05.10.06
Marxist review of Armstrong
Review at Political Affairs.net of Great Transformation: here’s a good objection, but only to Armstrong’s deteriorated version of the Axial period….
Armstrong’s analysis has totally lost its grip on what is going on and, having confused the Axial Age with a Religious Age, proceeds to garble the timing, so that it becomes, so it seems, a good question to ask about predecessors to monotheism who aren’t in the Axial interval.
Time to sit down with eonic model and study the phenomenon in detail.
The only problem with this is the roots of this approach go back to several origin points, not just to the “Aryans,” with a pedigree going well beyond 1500 BC. A “monotheistic” and compassionate religion had sprung up in Ancient Egypt several hundred years before this date, for example. Besides, if you look at any of the major spiritual traditions of today, many of their adherents have difficulties with being self-critical, inward looking or compassionate.
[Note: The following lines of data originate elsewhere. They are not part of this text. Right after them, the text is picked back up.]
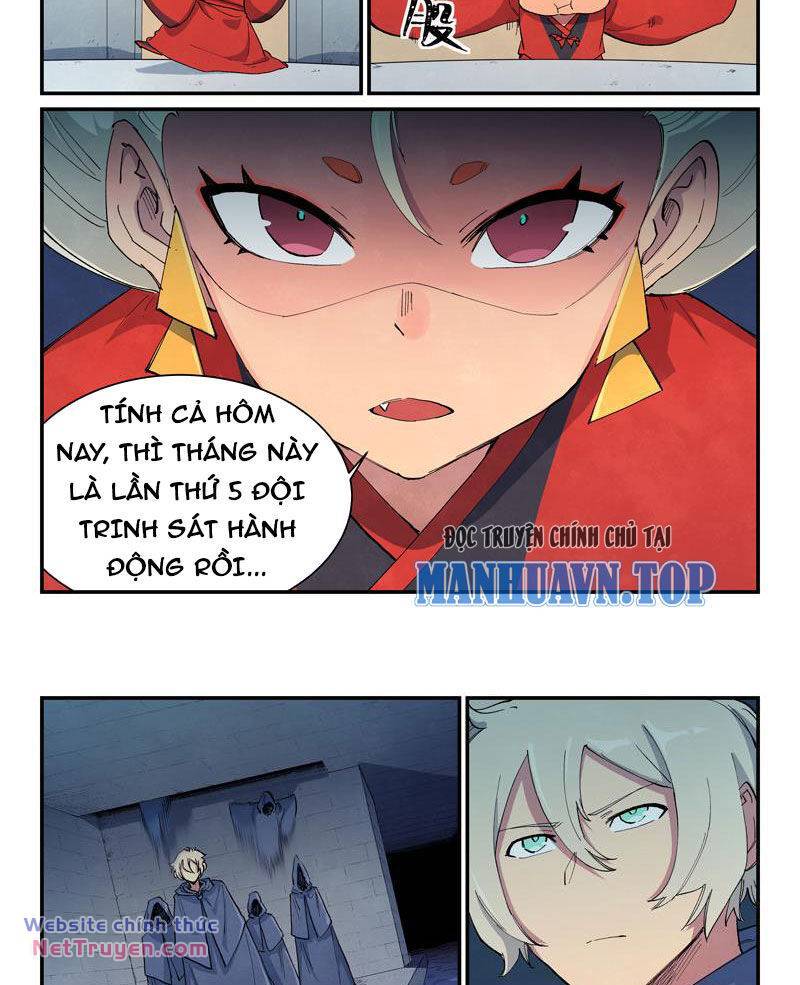 Tinh Võ Thần Quyết: Chapter 652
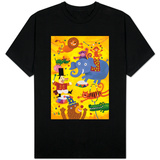 Crazy Circus Characters Shirt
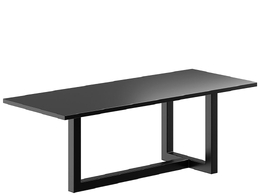 奥古斯丁桌子Zeus品牌桌子3D模型素材下载Augustin Table by Zeus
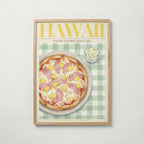 Hawaii Poster – köp affisch till hemmet – Bozetto väggdekoration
This great transformation supposedly “occurred independently in four different regions during the Axial Age, a pivotal period lasting from 900 B.C. to 200 B.C. …” and resulting in Taoism, Confucianism, Buddhism, Hinduism, Judaism and “the philosophic rationalism in Greece,” WG reports. The “Axial Age” is, however, an unscientific concept cooked up in the 1930s to provide a “mystical” interpretation for these historical developments. Four extremely important “axial” figures, who were just as foundational to our world today as anything or anybody within the official “axial” parameters, actually fall outside of the 900 to 200 BC dates– namely Akhenaton (Amenhotep IV, the “first monotheist”) and Zoroaster (both before 900 BC), and Jesus and Mohammed (both after 200 BC).